What are the main objectives of Financial Planning?

Despite its rising popularity of late, a considerable amount of doubt still exists around the real objectives of financial planning! And why not? The terms “financial planning” and “financial advice” are not just applied very loosely in our industry, but in fact they are in fact often misused.

For instance, a lot of life insurers tend to follow a robust financial planning process, only to “sell” investors fruitless, low yielding endowment policies at the end of the exercise. What, then, are the main objectives of financial planning ? Here are a few of them.
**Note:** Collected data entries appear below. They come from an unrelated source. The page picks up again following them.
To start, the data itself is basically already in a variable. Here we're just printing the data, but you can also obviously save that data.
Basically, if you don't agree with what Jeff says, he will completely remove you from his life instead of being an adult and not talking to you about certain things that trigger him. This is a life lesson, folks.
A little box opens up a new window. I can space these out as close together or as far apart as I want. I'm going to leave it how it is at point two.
To give you clarity on your personal budget

If you’re like most people, you likely have “too much month left over at the end of your money”, instead of the other way around! Financial planning can help you greatly in this regard. After all, what good is financial advice if your cash flow is all over the place and you’re always stressed out over your finances? By using technology, a financial planner can help you make sense of your monthly spends by bucketing them into essential spends and discretionary spends, and helping you identify money leaks. At the end of the budgeting exercise, you’ll have more clarity on your cash flows and will therefore be in a better position to build a robust savings plan towards your future.

To set up trackable metrics to monitor your financial health

As Karl Pearson said, “What is measured, improves. What is measured and reported, improves exponentially”. This rings true from the perspective of financial planning and financial advice too. A lot of people live their lives with an innate sense of discomfort about their personal finances, without really being able to pinpoint what exactly is wrong. This is where financial advice related ratios can be very useful. Even simple but powerful Financial Planning metrics such as reserve surplus ratio, savings to surplus ratio & debt to income ratio can have a powerful impact on your financial health in the long run, by putting the outcomes of your money decisions into perspective and allowing you to build a plan to improve your present situation gradually.
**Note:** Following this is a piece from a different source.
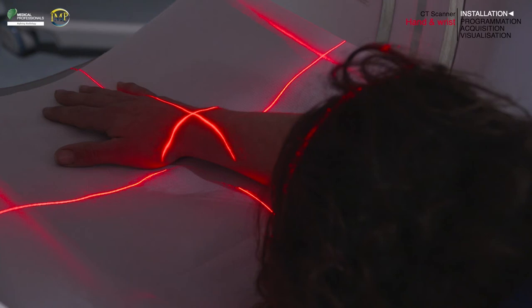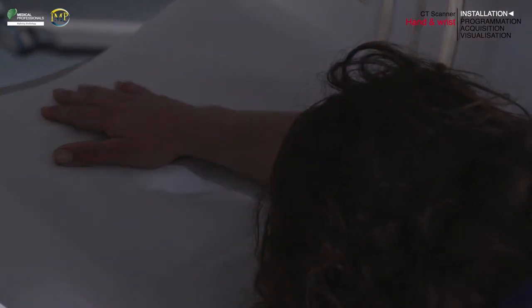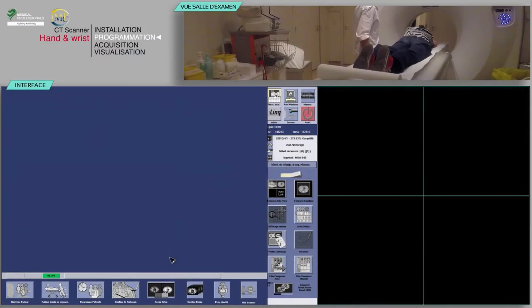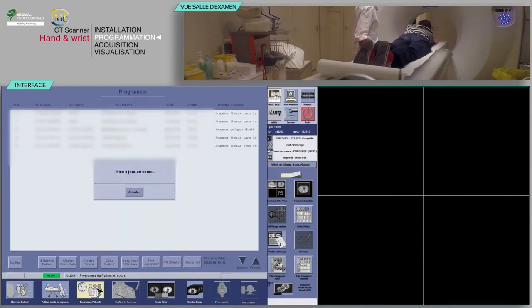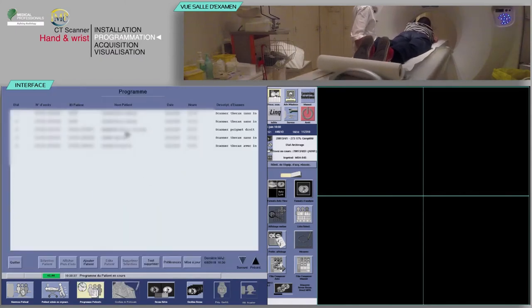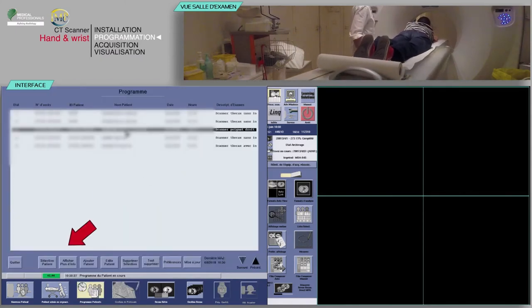Remember to close the doors of the examination room and perform proper hand hygiene such as the use of a rub with an alcohol-based hand sanitizer. Select your patient from the work list, then click on patient selection.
To enable you to take informed money decisions

Most of us underestimate the cumulative effect of the small, day to day money decisions that we take. Financial Planning can come in extremely handy here as well. Good financial advice enables you to take money decisions keeping the big picture in mind. Financial Planning is like a roadmap, and having this roadmap in front of you or in the back of your mind ensures that you don’t make big mistakes along the way – such as short-term thinking, speculating excessively, investing into low yielding products for long term goals, borrowing excessively, and such. Financial Planning builds your financial confidence, enabling you to take smarter decisions for yourself and your family.
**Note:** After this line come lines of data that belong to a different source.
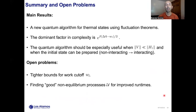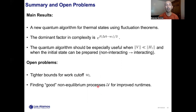In summary, I presented a new quantum algorithm for preparing thermal states based on fluctuation theorems. The dominant factor in the complexity is determined by the properties of the work cutoff and the free energy difference. The quantum algorithm is especially useful in the perturbative regime — when the strength of the perturbation is much smaller than the strength of the whole Hamiltonian and when the initial state can be prepared efficiently, for example when H0 corresponds to a non-interacting model that we transform into the thermal state of an interacting system. Open problems include finding tighter bounds for the work cutoff WL for various examples, and finding good non-equilibrium unitaries that can be implemented efficiently to improve runtimes.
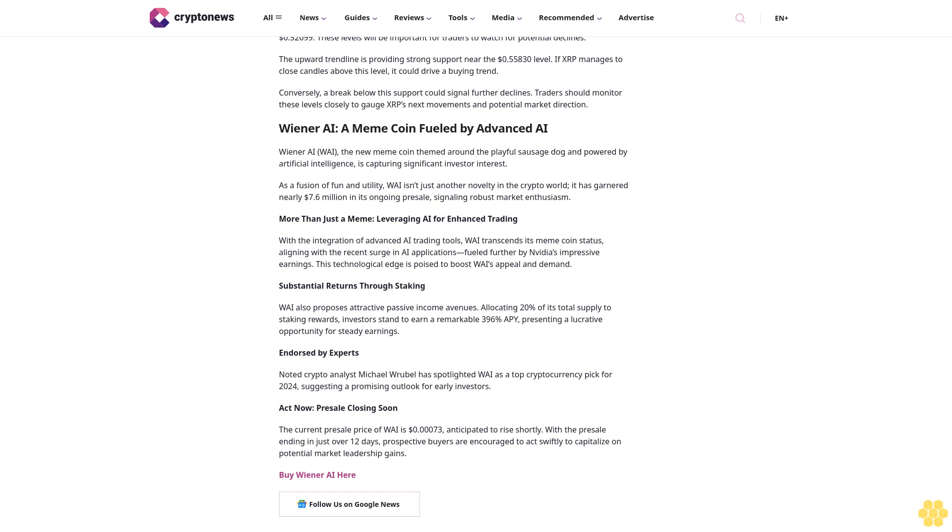Act now, pre-sale closing soon. The current pre-sale price of Wiener AI is $0.00073, anticipated to rise shortly. With the pre-sale ending in just over 12 days, prospective buyers are encouraged to act swiftly to capitalize on potential market leadership gains. Buy Wiener AI here. Follow us on Google News.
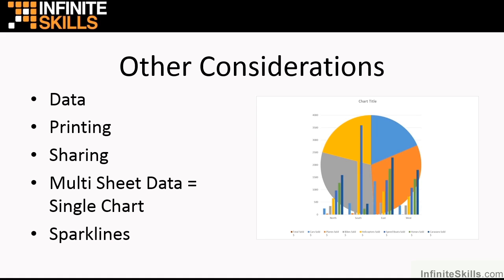And of course, we looked at the clever little sparklines. When a chart just seems too much and too big, but you still want some graphical representation, a sparkline will do.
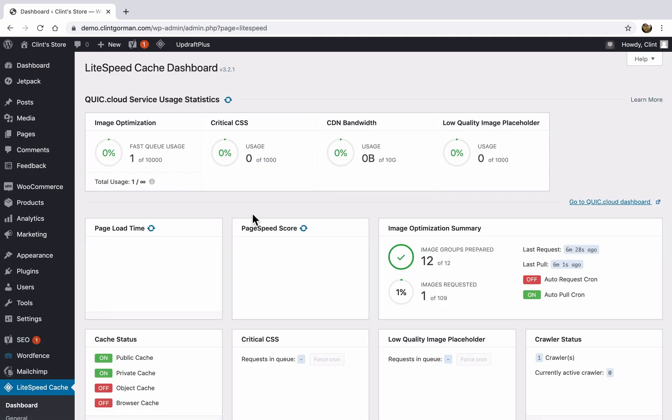LiteSpeed cache is a very powerful tool. Don't use this in conjunction with any other caching tools or performance enhancing tools because that's when you're going to run into problems. But by optimizing the performance of your website, this is going to help your Google rankings and give your users a better user experience.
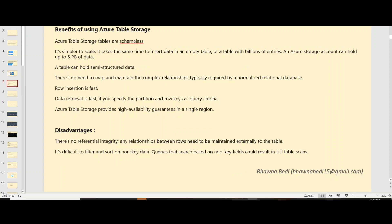Now let's look at the benefits of using Azure Table Storage. Azure Table Storage is basically schema-less — you don't have to define a schema, so data insertion is quite fast. Even when you retrieve data using a query on a partition key, data retrieval is also quite fast. It also provides high availability in a single region.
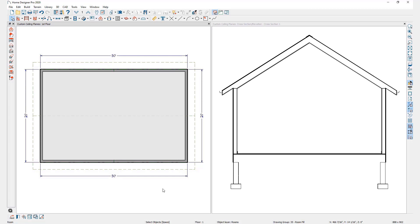For this first example, I'll change my default roof pitch. Be aware that changing the default roof pitch while you have auto rebuild roofs turned on will cause your roofs to rebuild at the new pitch. It's recommended you have your roof completely built first before changing your default pitch and drawing your custom ceiling planes in.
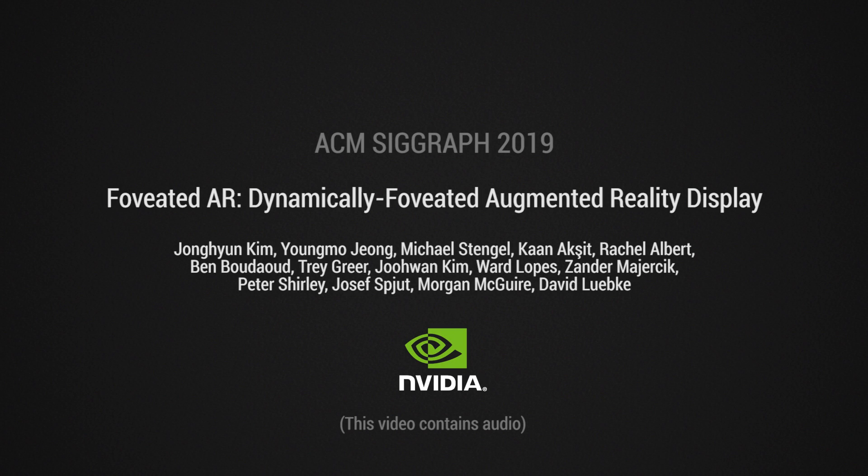Foveated AR: Dynamically Foveated Augmented Reality Display.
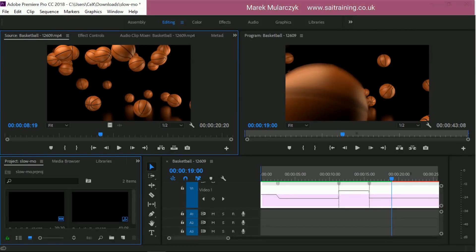Hi, I'm Marek Mularczyk and welcome to this video about slow motion in Adobe Premiere Pro.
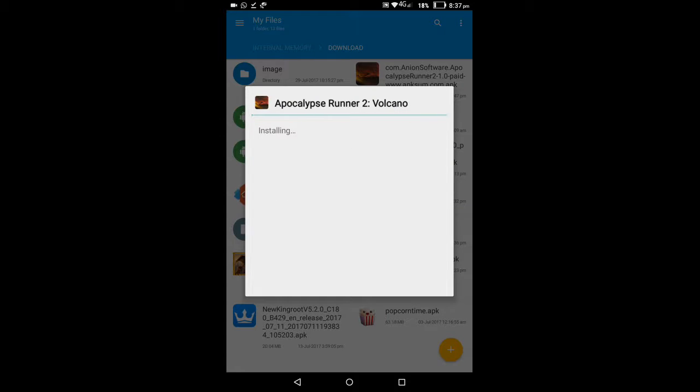Now it's installing Apocalypse Runner 2 Volcano. Maybe it's going to install, maybe it's unpacking and installing.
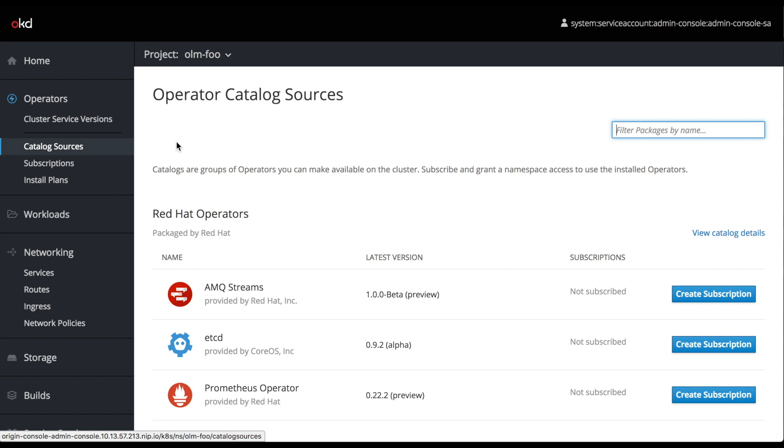Hey, this is Derek Whatley. In this video, we're going to take a look at how you can manage operators from inside of OpenShift using the Operator Lifecycle Manager.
To reinforce correct investment behaviours

Remember, even the best financial advice is fruitless if it isn’t backed by correct investing behaviours! Simply knowing about the best investment products is just the tip of the iceberg. After all, “how you invest” matters a whole lot more than “where you invest”. This is where financial planning (done right) can be helpful. During the financial planning exercise, an advisor should ideally aim to uncover detrimental investing beliefs and behaviours that could potentially jeopardise your entire financial planning journey. These hindrances should be addressed before dispensing any financial advice, using a mix of scenario analyses, behavioural counselling and expectation setting.

And most importantly… to put you on track to meet your goals

What good is financial planning, or any financial advice  for that matter, if it doesn’t ensure that you meet your financial goals? Without goal achievement, financial planning becomes nothing more than a one-time, feel-good exercise. Hence, it’s critical that the financial planning process acts as an enabler for you to meet your goals. Your financial advisor should have adequate tools at hand to keep you aligned to the goals that were during the financial planning exercise, even if those goals are years or decades away. Needless to say, this is a challenging task – and goes beyond just dispensing financial advice off the shelf. You and your advisor should regularly revisit your goals together and work on a short term and long-term plan of action to make sure you meet them. Only then can the financial planning exercise be deemed a success.